YouTube’s spokesperson, Jack Malon, told Ars that YouTube has “been clear that unauthorized scraping of YouTube content is a violation of our Terms of Service, and we continue to take action against this type of abuse.” However, Han worries that even if YouTube joins efforts to remove the images, the damage is done as AI tools have already trained on them. Han argues that kids need regulatory intervention before this happens.
Han’s report coincides with the forthcoming reform draft of Australia’s Privacy Act. The reforms include Australia’s first child data protection law, the Children’s Online Privacy Code. However, even people involved in long-running discussions are not sure how much the government will announce.
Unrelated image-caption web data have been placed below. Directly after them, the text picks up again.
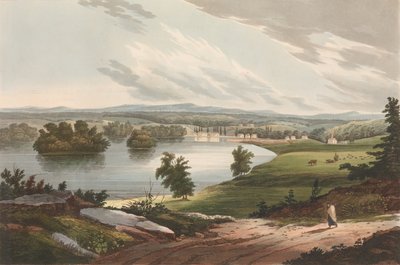Forte Edward No. 10 del Portfolio del Fiume Hudson da John Hill
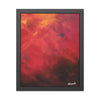 Vibrant Abstract Framed Poster Art  16" x 20" (vertical) for Home Decor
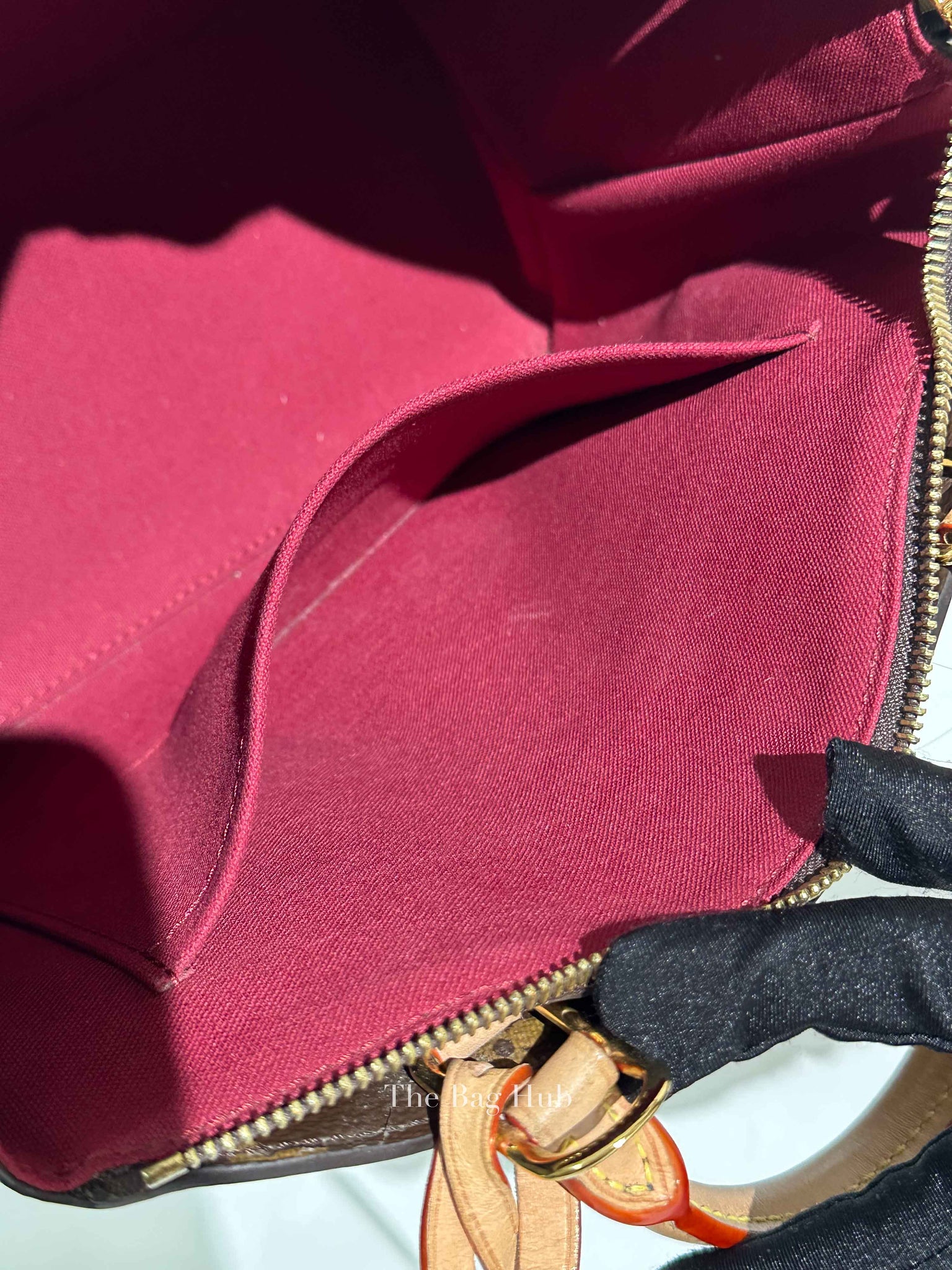 Louis Vuitton Brown Monogram Coated Canvas Petit Palais Handbag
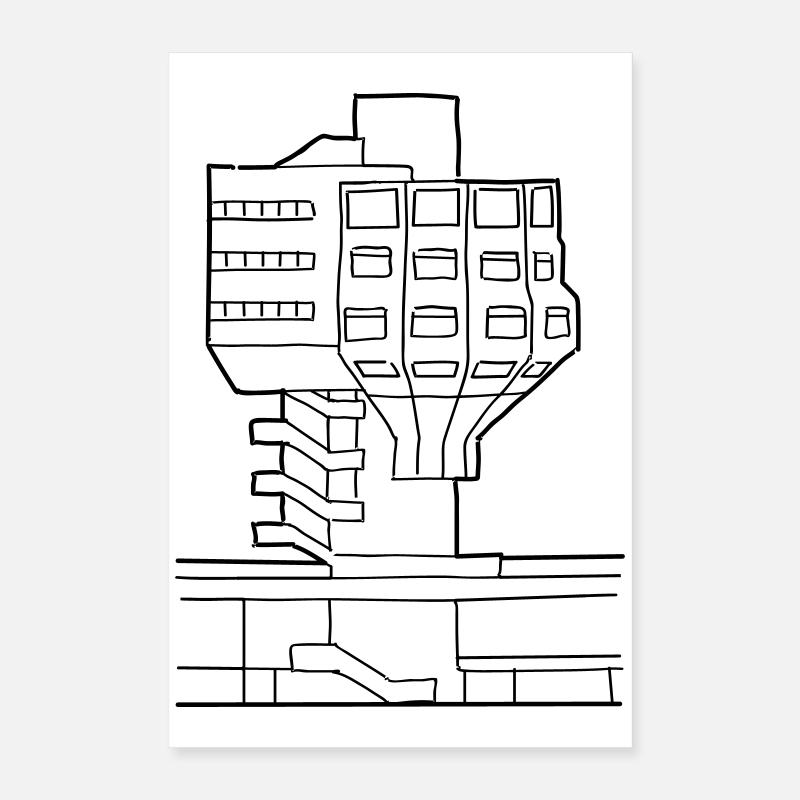 Bierpinsel in Steglitz Poster 40x60 cm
“Children in Australia are waiting to see if the government will adopt protections for them,” Han said, emphasizing that “children should not have to live in fear that their photos might be stolen and weaponized.”
Han reviewed fewer than 0.0001 percent of the 5.85 billion images and captions in the dataset. Given her small sample size, she expects a significant undercount of children impacted. “It’s astonishing that out of a random sample of 5,000 photos, I immediately encountered 190 photos of Australian children,” Han told Ars. She expected more photos of cats than personal photos of children since LAION-5B reflects the entire internet. LAION is working with HRW to remove flagged images, but cleaning the dataset is slow. Links to Brazilian kids’ photos reported a month ago remain.
In June, LAION’s spokesperson, Nathan Tyler, told Ars that as a “nonprofit, volunteer organization,” they are committed to addressing the misuse of children’s data. However, removing links does not remove the images online, where they can still be used in other AI datasets. Han points out that removing links doesn’t change AI models already trained on the data.
Children exposed to AI training face privacy risks, including the potential for harmful or explicit deepfakes. Last month, about 50 girls in Melbourne reported their social media photos being manipulated into sexually explicit deepfakes and circulated online. First Nations children face unique cultural harms as AI training could perpetuate the reproduction of photos during mourning periods.
AI models are notorious for leaking private information, Han said. Guardrails in image generators do not always prevent these leaks, with some tools repeatedly broken. LAION recommends parents remove kids’ images online to prevent abuse, but Han calls this “unrealistic and outrageous.” She insists on legal protections so kids don’t have to worry about their photos being misused.